Perflubron Liquid breathing: Is it time to blow off air?

In second year of undergraduate, we walked into what we thought would be a standard anatomy class. But what we didn’t expect to see were to pairs of lungs open on the bench. One infant size. The other much larger. Much darker. The pearly white of the infants lung contrasted with the polluted adults lung. Turns out that the adult was a life long smoker and that there is no way to clean a smokers lungs. That’s where I got the idea of perflubron liquid breathing.

Imagine a liquid which makes water look like honey. We can inhale it into our lungs. It can give you the superpower you always dreamed of – the ability to breath underwater. Perflubron liquid breathing was popularised in the 1989 science-fiction, The Abyss. At first, we see a white-fluffy mouse kicking and fighting. It’s suffocating. Enveloped in a thick green liquid. Eventually the rising carbon dioxide levels trigger an uncontrollable urge. The mouse had to inhale the green goo yet it isn’t the end of the mouse. 

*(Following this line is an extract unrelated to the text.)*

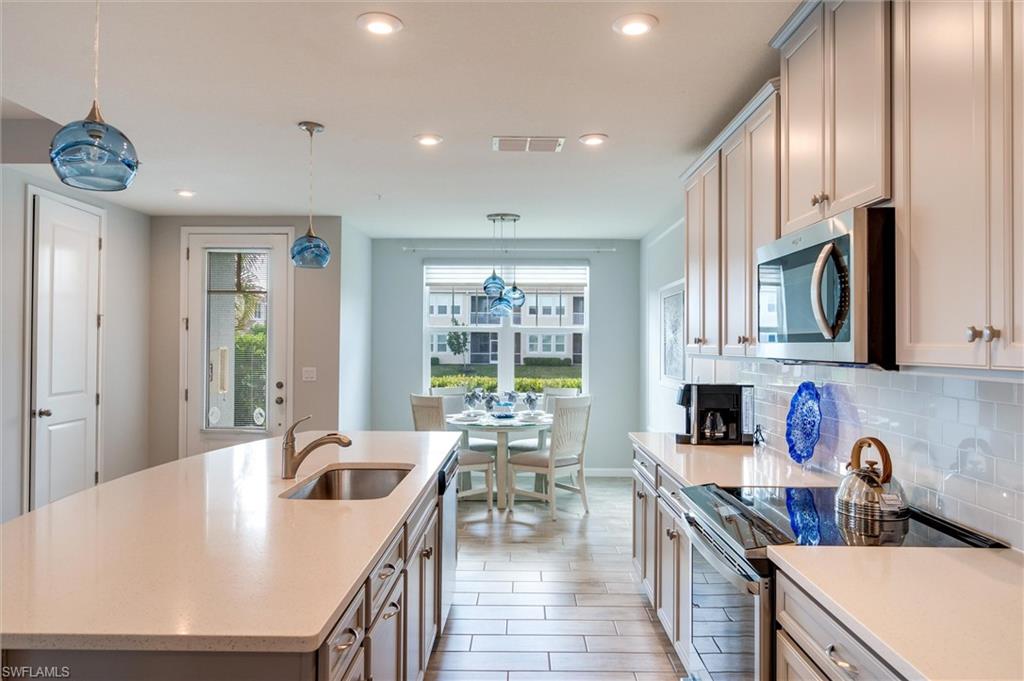 4607 Arboretum Circle, Unit 103 Naples, FL 34112 - Photo 7 of 29 a open kitchen with stainless steel appliances granite countertop a sink a stove and a refrigerator with wooden floor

The crazy thing. Perflubron is real and has current medical applications!

Inhaling a liquid can cause dry drowning hours later. The air sacs of the lung become inflammed. Gas exchange won’t be occuring nearly as well. So the carbon dioxide in the blood slowly begins to rise. This lack of air will lead to asphyxiation.

But the thick green goo our mouse from the Abyss was suspended in was no normal liquid. It was perflubron, a liquid containing large amounts of oxygen and carbon dioxide. Best of all, we can breathe it without damaging our lungs or dry drowning. 

Imagine a world where perflubron is our preferred fluid to breathe. A patient with breathing difficulties comes into the hospital. Instead of being given a breathing tube with higher oxygen concentrations, you are dropped in breathing liquid.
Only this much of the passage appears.